Updated Plain Text Format
Last week I deployed a change to how I generated plain text content by using the microformats2 spec for parsing embedded content into a value
property.
That quickly proved it’s limitations in how meaningful white space was being lost from the markdown -> HTML -> plain text conversion. The plainest offender was lists. Markdown like
1. Item one
2. Item two
got rendered as
Item one Item two
After renewed internet floundering and continuing disbelief that there’s not a package for rendering markdown or HTML to an “aesthetic” plain text format, I’m trying a new approach.
Content is stored as Markdown, which may also have HTML elements. So first the content is converted to HTML. This gets everything into the same format. I’m using mistune for this.
html = mistune.html(input)
Then the HTML is processed with Beautiful Soup to apply the microformats2 parsing steps of dropping script
, style
, and template
elements and replacing img
elements with their alt
or src
attribute values.
soup = BeautifulSoup(html, "html.parser")

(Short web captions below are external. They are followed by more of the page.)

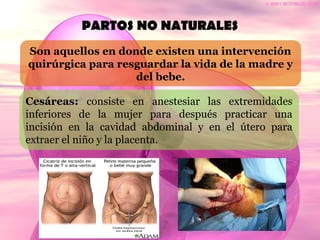 PARTOS NO NATURALES
Son aquellos en donde existen una intervención
quirúrgica para resguardar la vida de la madre y
del bebe.
Cesáreas: consiste en anestesiar las extremidades
inferiores de la mujer para después practicar una
incisión en la cavidad abdominal y en el útero para
extraer el niño y la placenta.
 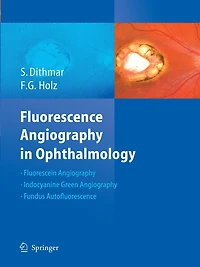 Fluorescence Angiography Ophthalmology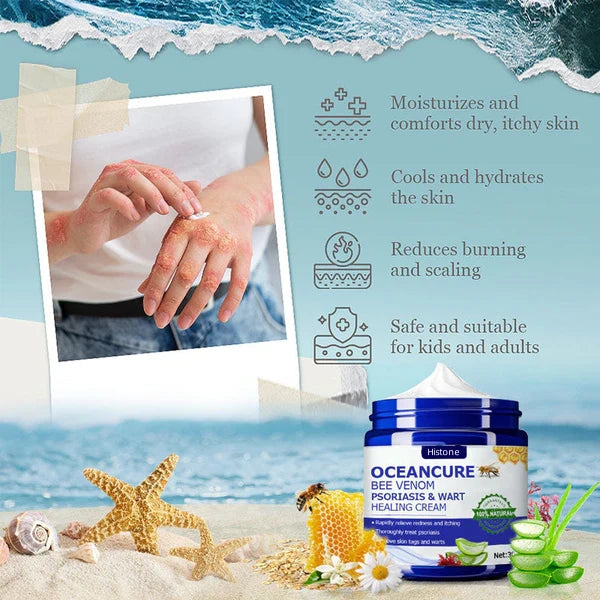 šHistone⢠OceanCure Bee Venom Psoriasis & Wart Healing Cream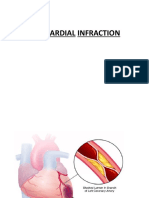 Myocardial Infarction Post RN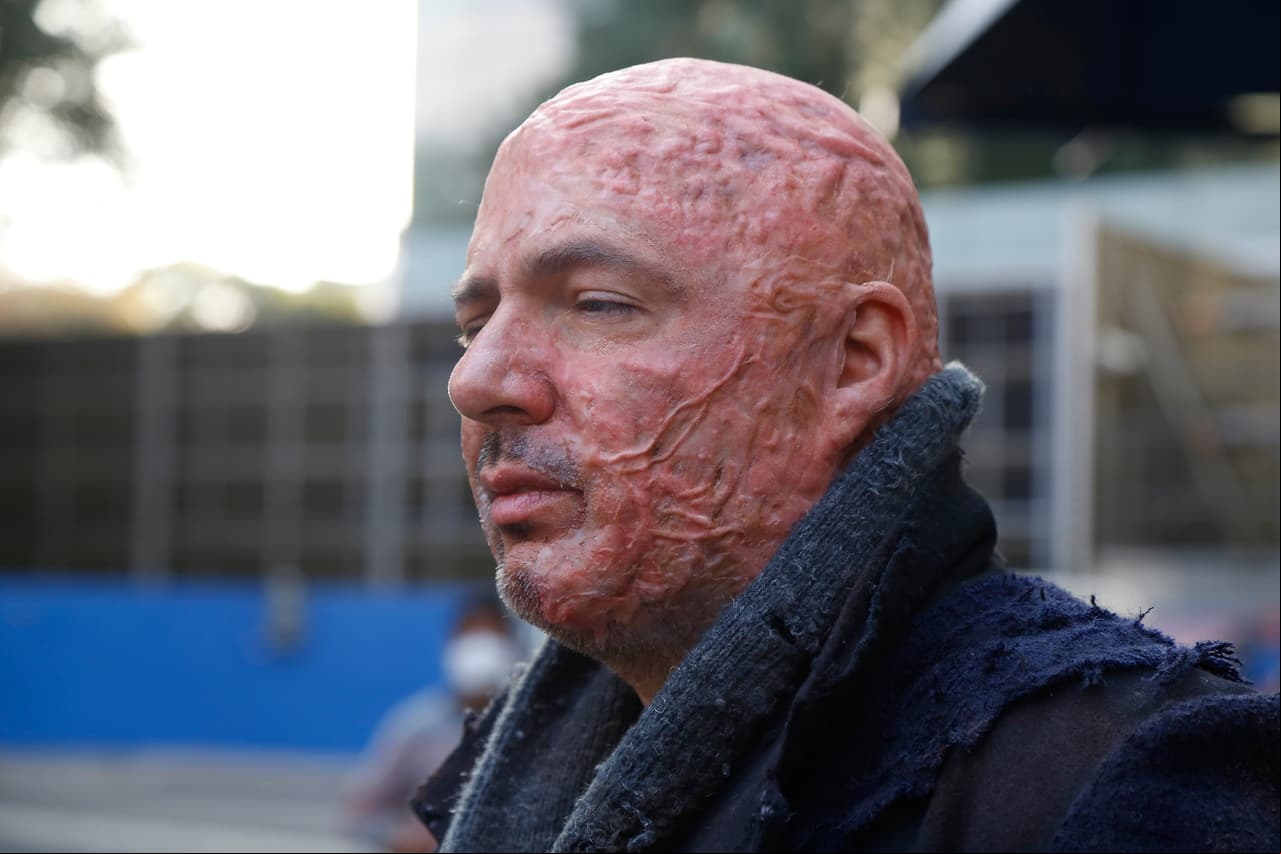 ¡Gonzalo reapareció! Tras ser atacado por unos hombres y quemado vivo, pudimos ver al gran villano todo desfigurado pidiendo limosna en la calle.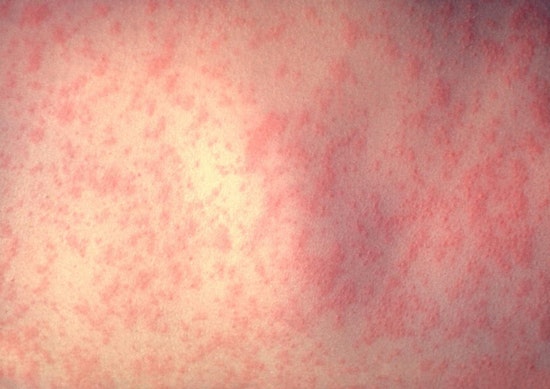 L.A. County Confirms Fifth Measles Case Linked to LAX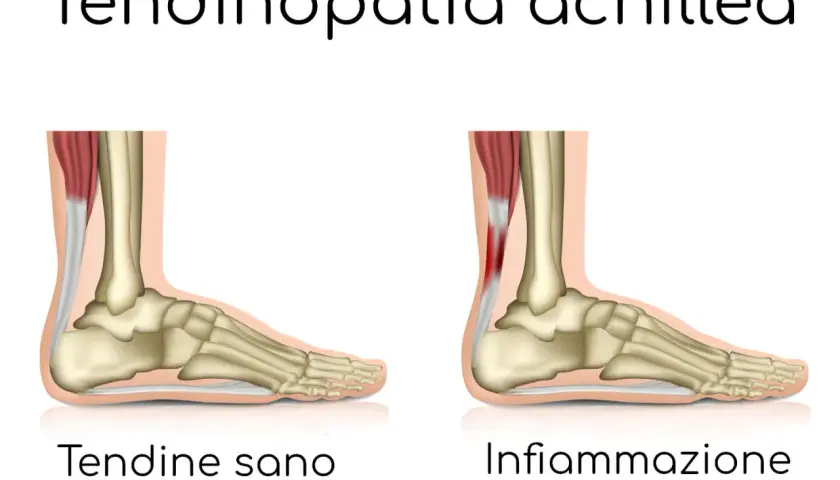 Confronto anatomico: tendine d'Achille sano e infiammato, causa di bruciore ai talloni a riposo.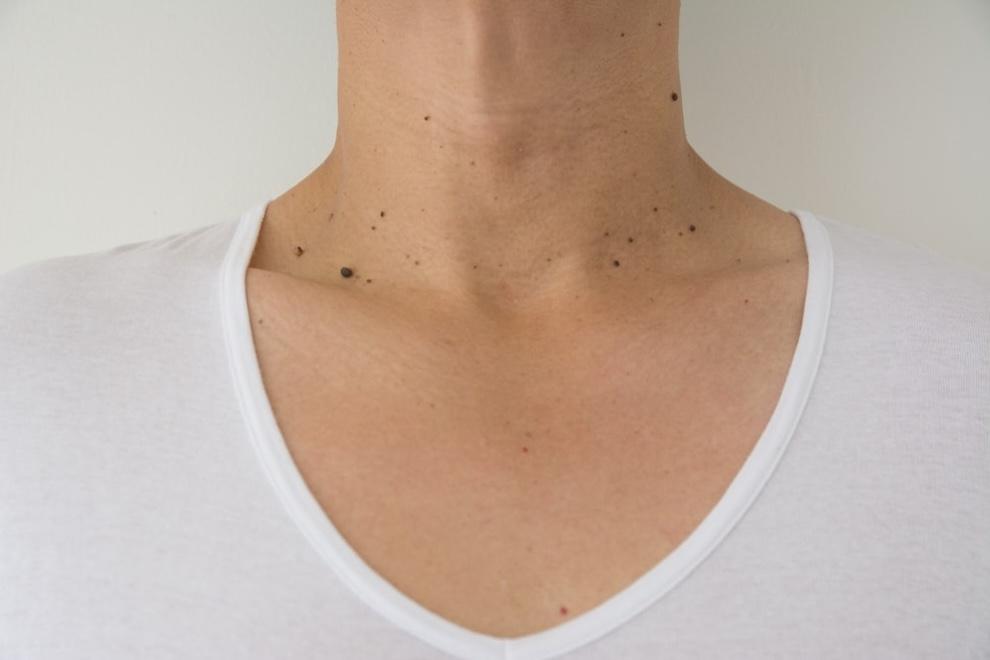 Quitar verrugas cuello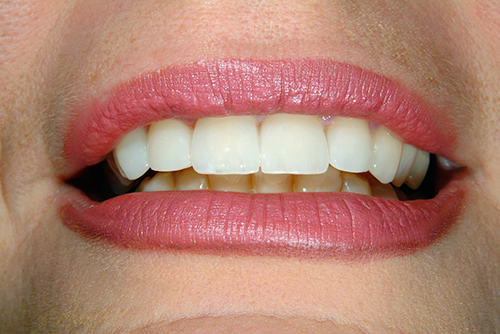 A close up of a woman 's mouth with white teeth and pink lips.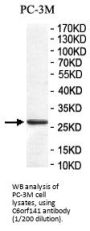 Chromosome 6 Open Reading Frame 141 (C6orf141) Antibody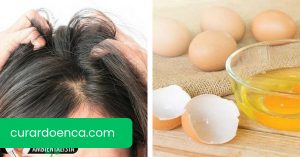 Sofre de coceira no coura cabeludo? Veja como acabar com ela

for el in soup.find_all(["script", "style", "template"]):
el.decompose()
for el in soup.find_all("img"):
alt = el.get("alt")
if alt is not None:
el.replace_with(" " + alt + " ")
continue
src = el.get("src")
if src is not None:
el.replace_with(" " + src + " ")
continue
el.decompose()
Then I convert a
elements to strings. I think Markdown link syntax is too “markup language”-y. I’m opting for the href
in parenthesis after the element text.
for el in soup.find_all("a"):
href = el.get("href")
text = el.get_text()
if href is not None and href != text:
el.append(" (" + href + ")")
el.unwrap()
And finally I change any header tags to paragraph tags. I’m fine if they end up similar to paragraphs in the output.
for el in soup.find_all(["h1","h2","h3","h4","h5","h6"]):
el.name = "p"
This massaged HTML then gets converted back to Markdown with html2text. Crucially, this strips in HTML elements that are not supported in Markdown and takes care of a white space, list numbering, and other details that make the output look good. I’m using several options to get the look I want.
html = str(soup)
parser = html2text.HTML2Text()
parser.strong_mark = "*"
parser.unicode_snob = True
parser.body_width = 0
parser.wrap_links = True
parser.images_to_alt = True
parser.ul_item_mark = "-"
return parser.handle(html)
This does mean that the output is no longer correct Markdown, but that’s exactly what I want. I want good looking plain text.
Additional post types updated to Markdown storage
I also got Notes, Photos, and Posts moved over to using Markdown as the storage format. That leaves Reposts as the only type yet to move over, but I hardly use that one. I’m going to give what I have some time to see how it does.